▼▼▼
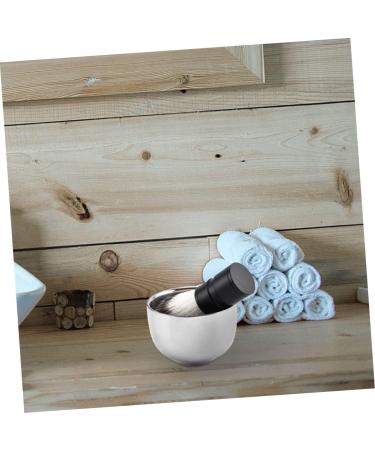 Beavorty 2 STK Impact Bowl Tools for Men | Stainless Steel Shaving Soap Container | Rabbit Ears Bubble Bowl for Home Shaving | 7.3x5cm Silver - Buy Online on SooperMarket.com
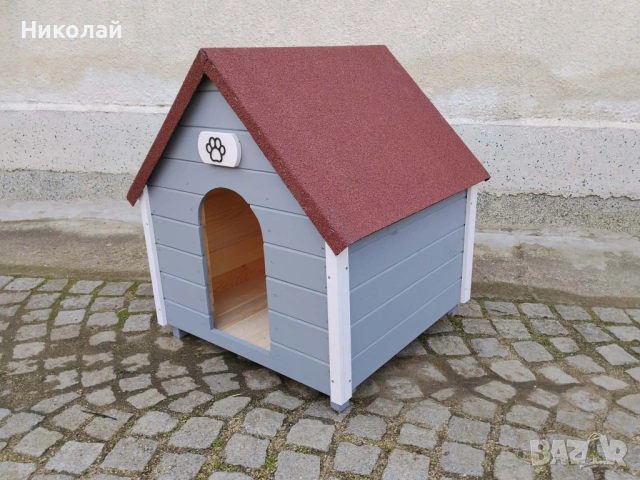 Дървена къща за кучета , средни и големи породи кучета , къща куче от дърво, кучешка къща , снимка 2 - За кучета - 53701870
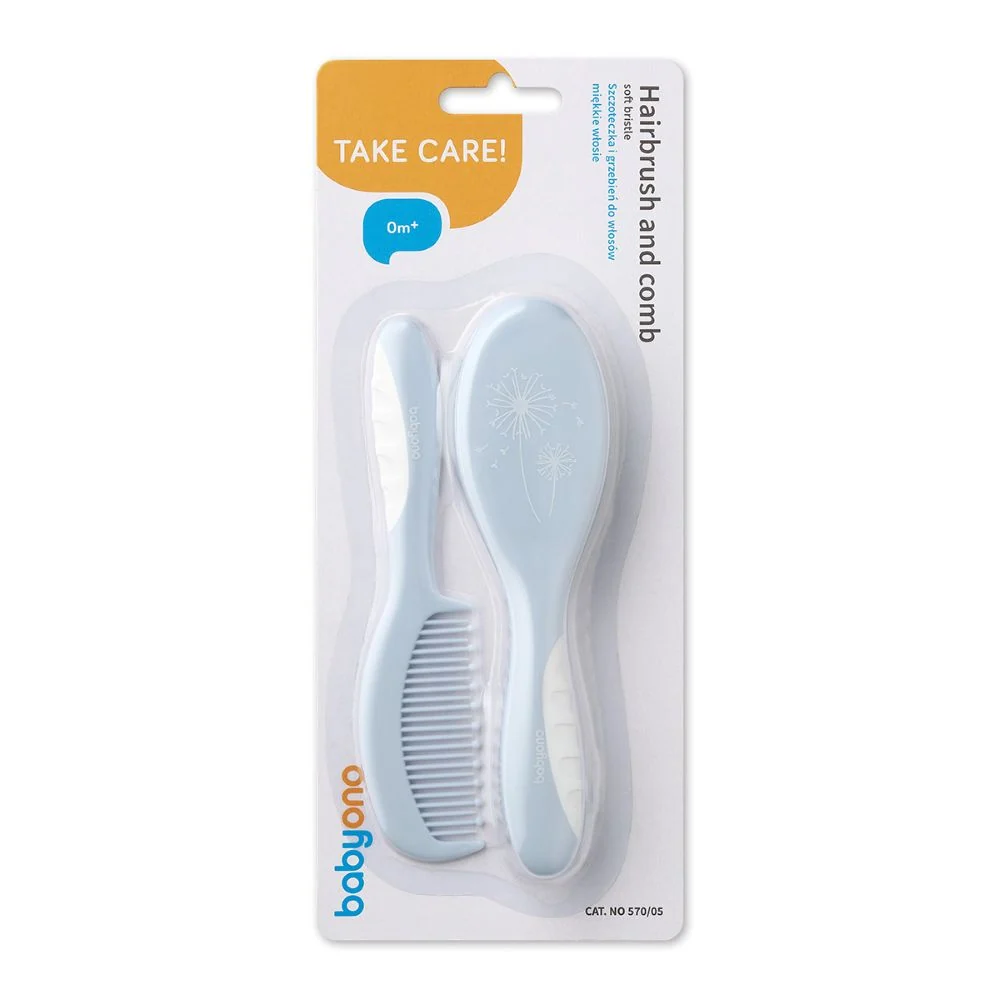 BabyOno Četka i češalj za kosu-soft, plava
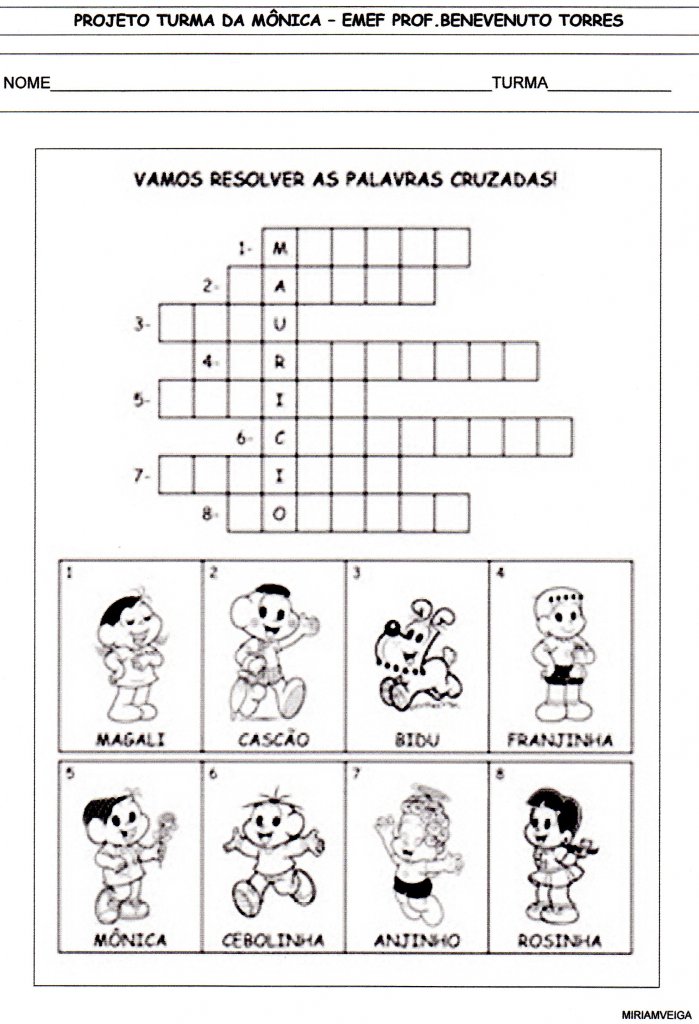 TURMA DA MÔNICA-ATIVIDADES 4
▲▲▲
An exact transcript of the listing is needed, free of pictures.

* [FINAL ANSWER]:
 Beavorty 2 STK Impact Bowl Tools for Men | Stainless Steel Shaving Soap Container | Rabbit Ears Bubble Bowl for Home Shaving | 7.3x5cm Silver - Buy Online on SooperMarket.com
 Дървена къща за кучета , средни и големи породи кучета , къща куче от дърво, кучешка къща , снимка 2 - За кучета - 53701870
 BabyOno Četka i češalj za kosu-soft, plava
 TURMA DA MÔNICA-ATIVIDADES 4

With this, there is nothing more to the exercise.